DATA FOR THIS EXERCISE
# # # # #

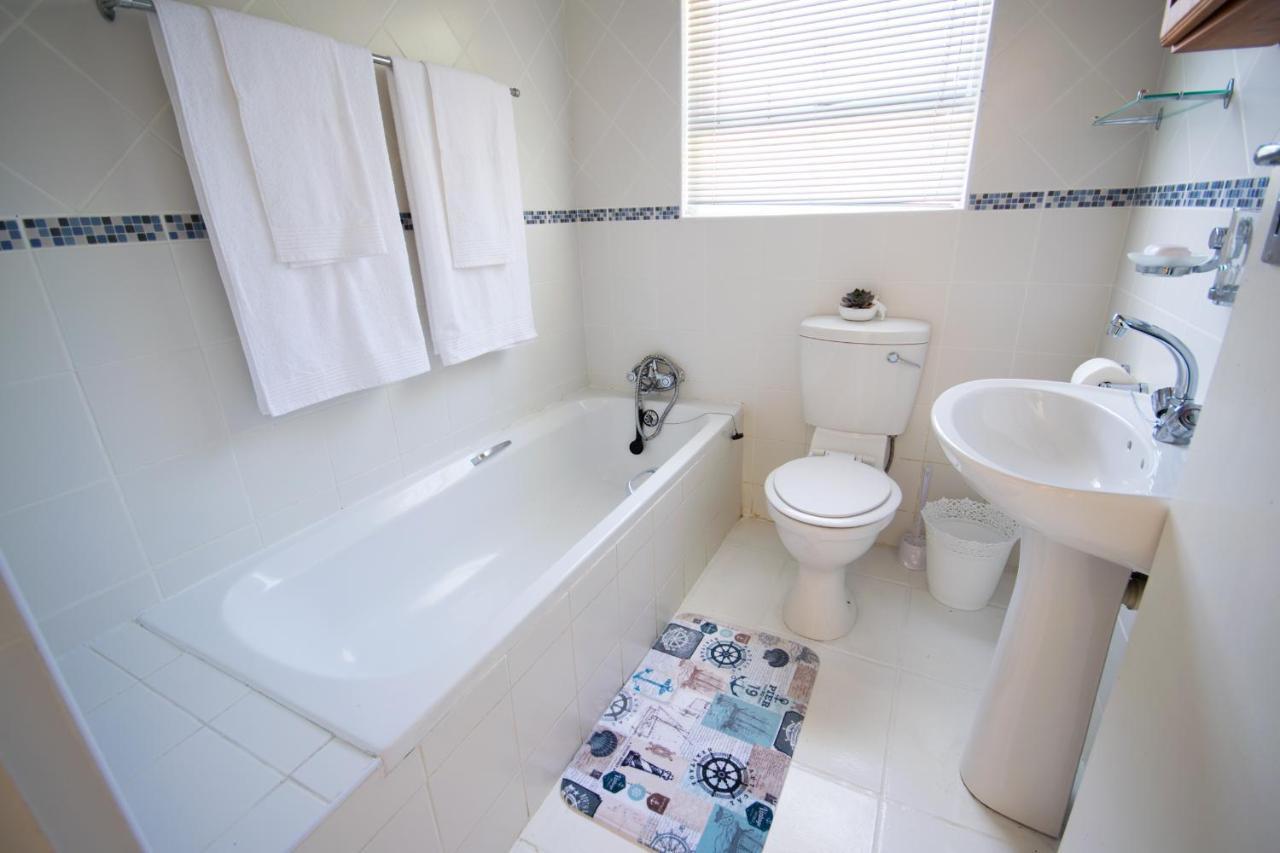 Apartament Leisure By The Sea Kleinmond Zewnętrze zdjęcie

# # # # #

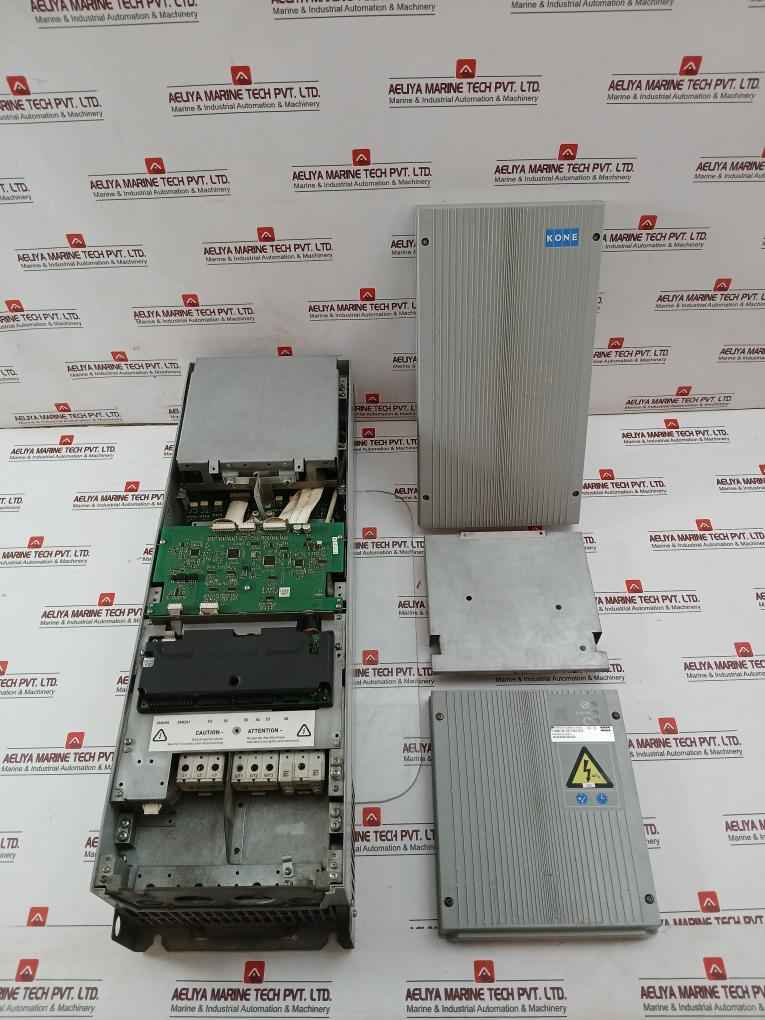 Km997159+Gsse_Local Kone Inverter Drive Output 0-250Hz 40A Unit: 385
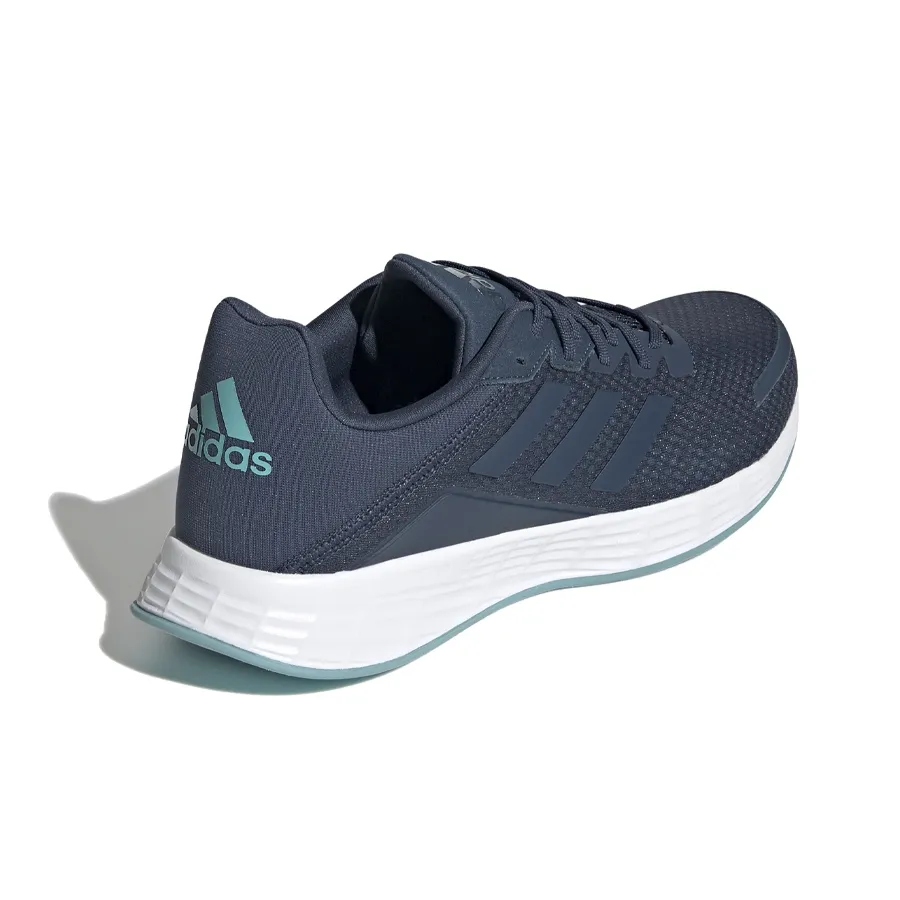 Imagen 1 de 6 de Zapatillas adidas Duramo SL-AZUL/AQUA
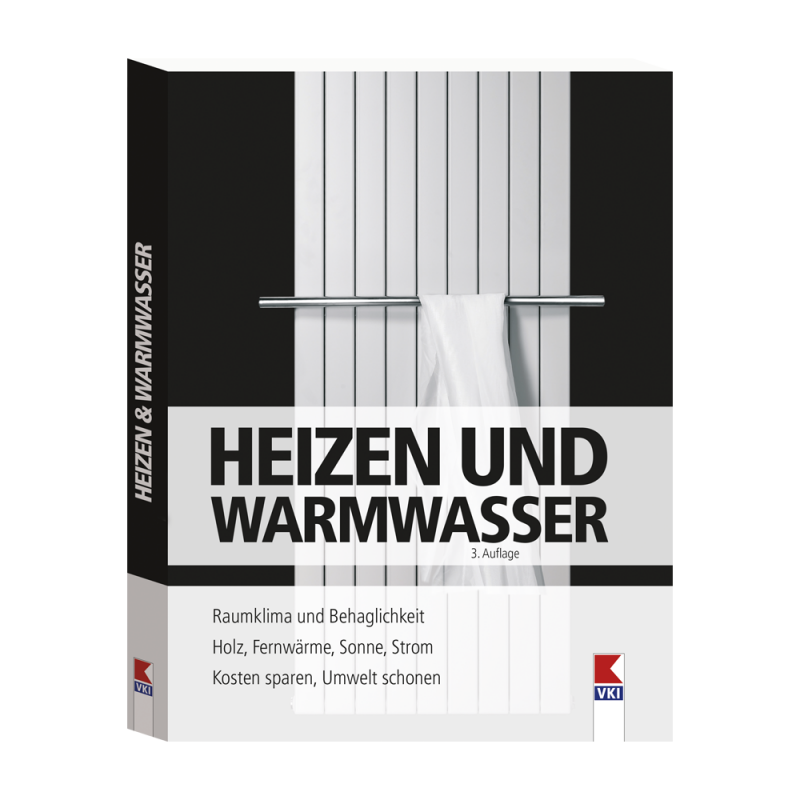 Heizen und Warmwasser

# # # # #

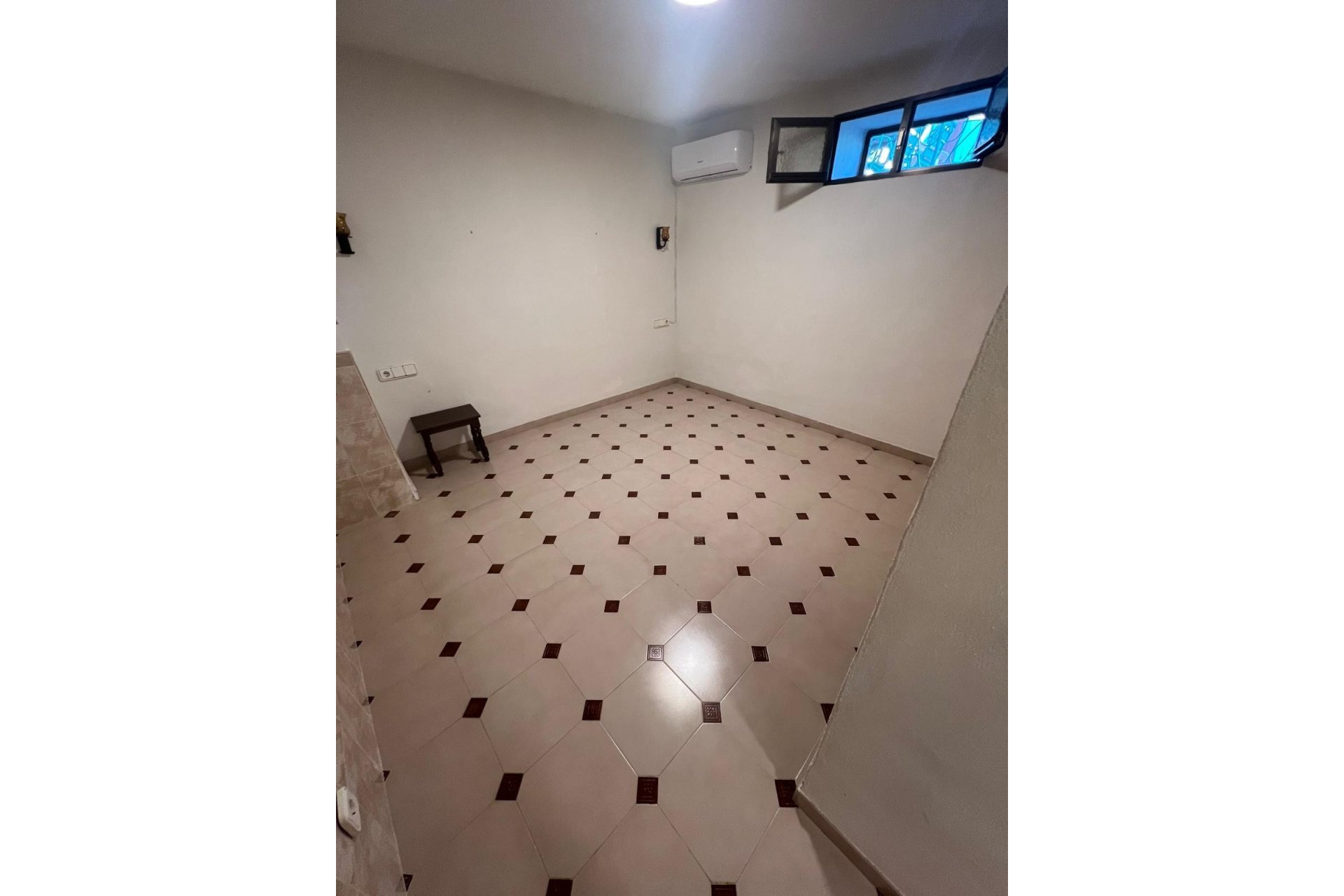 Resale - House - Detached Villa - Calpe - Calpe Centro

# # # # #

WHAT NEEDS TO BE DONE
Only one stretch of the entries above is needed: the lines from the one containing "Imagen 1 de" through the one containing "Heizen und Warmwasser". Copy it exactly, without the pictures.

RESULT
 Imagen 1 de 6 de Zapatillas adidas Duramo SL-AZUL/AQUA
 Heizen und Warmwasser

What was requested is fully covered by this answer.